## [TASK DIRECTIONS]
In the listing below, find the line containing "1901 Foxfield Way property image" and the line containing "1214 W Hardin". Repeat exactly those two lines and every line between them.

MATERIAL FOR THIS EXERCISE START

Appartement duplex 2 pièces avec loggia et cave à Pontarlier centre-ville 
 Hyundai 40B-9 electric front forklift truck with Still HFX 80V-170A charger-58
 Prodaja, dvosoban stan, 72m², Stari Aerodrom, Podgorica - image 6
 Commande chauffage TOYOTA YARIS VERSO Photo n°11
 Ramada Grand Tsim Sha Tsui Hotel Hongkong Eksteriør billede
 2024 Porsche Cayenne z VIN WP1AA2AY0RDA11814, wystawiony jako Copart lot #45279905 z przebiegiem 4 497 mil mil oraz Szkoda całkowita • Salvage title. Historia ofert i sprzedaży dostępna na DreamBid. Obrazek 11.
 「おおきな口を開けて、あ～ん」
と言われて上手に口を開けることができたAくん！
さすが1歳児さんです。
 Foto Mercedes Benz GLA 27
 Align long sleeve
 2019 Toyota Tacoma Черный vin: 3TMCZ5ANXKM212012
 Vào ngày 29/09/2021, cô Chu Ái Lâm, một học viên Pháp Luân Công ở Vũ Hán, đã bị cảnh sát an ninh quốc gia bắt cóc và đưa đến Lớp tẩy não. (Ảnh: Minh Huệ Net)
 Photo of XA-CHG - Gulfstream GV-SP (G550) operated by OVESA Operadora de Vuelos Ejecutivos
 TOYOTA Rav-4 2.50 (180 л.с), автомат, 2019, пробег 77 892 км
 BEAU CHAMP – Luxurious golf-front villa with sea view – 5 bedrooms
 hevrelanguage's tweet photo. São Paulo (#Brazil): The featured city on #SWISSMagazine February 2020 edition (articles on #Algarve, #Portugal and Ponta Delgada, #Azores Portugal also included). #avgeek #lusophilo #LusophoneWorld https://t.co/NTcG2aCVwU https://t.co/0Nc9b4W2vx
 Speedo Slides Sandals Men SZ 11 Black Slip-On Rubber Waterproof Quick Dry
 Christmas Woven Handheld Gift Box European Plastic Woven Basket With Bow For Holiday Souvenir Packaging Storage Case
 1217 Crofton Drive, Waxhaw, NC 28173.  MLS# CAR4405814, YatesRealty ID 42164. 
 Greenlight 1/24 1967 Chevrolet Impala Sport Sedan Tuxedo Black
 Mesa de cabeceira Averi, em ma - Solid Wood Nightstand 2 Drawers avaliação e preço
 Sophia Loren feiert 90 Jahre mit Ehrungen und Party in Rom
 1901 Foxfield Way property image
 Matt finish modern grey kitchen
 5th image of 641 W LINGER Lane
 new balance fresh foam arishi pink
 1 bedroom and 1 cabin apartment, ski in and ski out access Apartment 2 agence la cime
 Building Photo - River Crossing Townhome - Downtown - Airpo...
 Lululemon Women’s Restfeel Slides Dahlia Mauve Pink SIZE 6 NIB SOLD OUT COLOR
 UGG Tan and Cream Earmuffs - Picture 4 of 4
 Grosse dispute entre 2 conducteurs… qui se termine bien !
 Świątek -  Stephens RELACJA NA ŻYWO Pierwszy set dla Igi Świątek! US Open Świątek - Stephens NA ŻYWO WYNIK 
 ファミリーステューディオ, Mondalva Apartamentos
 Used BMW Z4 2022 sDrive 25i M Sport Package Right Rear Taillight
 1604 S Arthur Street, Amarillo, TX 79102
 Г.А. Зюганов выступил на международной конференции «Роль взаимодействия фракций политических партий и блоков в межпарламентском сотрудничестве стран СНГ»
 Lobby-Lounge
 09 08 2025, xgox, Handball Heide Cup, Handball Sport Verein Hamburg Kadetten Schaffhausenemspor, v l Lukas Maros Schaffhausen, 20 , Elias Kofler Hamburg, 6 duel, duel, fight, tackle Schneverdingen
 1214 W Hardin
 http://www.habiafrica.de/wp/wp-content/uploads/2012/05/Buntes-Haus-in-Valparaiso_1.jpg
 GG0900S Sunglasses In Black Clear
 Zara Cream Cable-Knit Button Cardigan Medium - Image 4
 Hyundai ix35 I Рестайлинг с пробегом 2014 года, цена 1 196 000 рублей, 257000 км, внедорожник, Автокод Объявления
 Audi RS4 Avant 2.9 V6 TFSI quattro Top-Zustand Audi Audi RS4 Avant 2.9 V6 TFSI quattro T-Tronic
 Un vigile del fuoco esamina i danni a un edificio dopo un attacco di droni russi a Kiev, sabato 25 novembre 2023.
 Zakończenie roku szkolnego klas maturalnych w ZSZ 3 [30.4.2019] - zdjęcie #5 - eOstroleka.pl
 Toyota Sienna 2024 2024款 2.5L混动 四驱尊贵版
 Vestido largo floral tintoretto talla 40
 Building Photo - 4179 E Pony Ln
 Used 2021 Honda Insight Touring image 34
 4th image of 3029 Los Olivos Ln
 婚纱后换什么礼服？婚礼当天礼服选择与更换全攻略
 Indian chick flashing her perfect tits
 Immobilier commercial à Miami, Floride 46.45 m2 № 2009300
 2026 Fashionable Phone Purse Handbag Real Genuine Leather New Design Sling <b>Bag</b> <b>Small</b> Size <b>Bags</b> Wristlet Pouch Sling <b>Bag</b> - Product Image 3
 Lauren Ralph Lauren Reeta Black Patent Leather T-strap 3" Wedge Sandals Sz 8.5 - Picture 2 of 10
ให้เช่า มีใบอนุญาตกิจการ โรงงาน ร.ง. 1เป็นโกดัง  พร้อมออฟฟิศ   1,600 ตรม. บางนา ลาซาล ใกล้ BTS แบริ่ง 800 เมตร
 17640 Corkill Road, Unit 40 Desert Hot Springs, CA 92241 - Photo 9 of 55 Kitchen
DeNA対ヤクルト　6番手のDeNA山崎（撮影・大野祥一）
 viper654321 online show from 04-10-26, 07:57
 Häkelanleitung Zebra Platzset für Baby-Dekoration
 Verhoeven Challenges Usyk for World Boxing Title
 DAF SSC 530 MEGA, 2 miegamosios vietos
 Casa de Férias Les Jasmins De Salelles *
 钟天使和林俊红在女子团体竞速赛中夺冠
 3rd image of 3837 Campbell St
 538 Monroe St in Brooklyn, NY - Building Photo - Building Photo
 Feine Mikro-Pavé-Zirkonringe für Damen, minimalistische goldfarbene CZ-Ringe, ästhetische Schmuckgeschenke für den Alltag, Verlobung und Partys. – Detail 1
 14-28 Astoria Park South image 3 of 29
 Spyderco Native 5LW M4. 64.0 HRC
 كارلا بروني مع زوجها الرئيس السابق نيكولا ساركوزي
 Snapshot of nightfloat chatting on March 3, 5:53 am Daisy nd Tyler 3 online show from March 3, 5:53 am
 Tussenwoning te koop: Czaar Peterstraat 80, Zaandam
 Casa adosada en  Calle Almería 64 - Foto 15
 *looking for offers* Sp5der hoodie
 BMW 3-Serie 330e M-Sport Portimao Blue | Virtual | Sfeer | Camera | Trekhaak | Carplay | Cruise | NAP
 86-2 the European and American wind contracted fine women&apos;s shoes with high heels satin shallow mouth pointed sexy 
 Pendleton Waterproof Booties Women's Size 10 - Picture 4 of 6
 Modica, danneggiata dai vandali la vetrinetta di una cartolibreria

MATERIAL FOR THIS EXERCISE END

## [WRITTEN RESPONSE]
 1901 Foxfield Way property image
 Matt finish modern grey kitchen
 5th image of 641 W LINGER Lane
 new balance fresh foam arishi pink
 1 bedroom and 1 cabin apartment, ski in and ski out access Apartment 2 agence la cime
 Building Photo - River Crossing Townhome - Downtown - Airpo...
 Lululemon Women’s Restfeel Slides Dahlia Mauve Pink SIZE 6 NIB SOLD OUT COLOR
 UGG Tan and Cream Earmuffs - Picture 4 of 4
 Grosse dispute entre 2 conducteurs… qui se termine bien !
 Świątek -  Stephens RELACJA NA ŻYWO Pierwszy set dla Igi Świątek! US Open Świątek - Stephens NA ŻYWO WYNIK 
 ファミリーステューディオ, Mondalva Apartamentos
 Used BMW Z4 2022 sDrive 25i M Sport Package Right Rear Taillight
 1604 S Arthur Street, Amarillo, TX 79102
 Г.А. Зюганов выступил на международной конференции «Роль взаимодействия фракций политических партий и блоков в межпарламентском сотрудничестве стран СНГ»
 Lobby-Lounge
 09 08 2025, xgox, Handball Heide Cup, Handball Sport Verein Hamburg Kadetten Schaffhausenemspor, v l Lukas Maros Schaffhausen, 20 , Elias Kofler Hamburg, 6 duel, duel, fight, tackle Schneverdingen
 1214 W Hardin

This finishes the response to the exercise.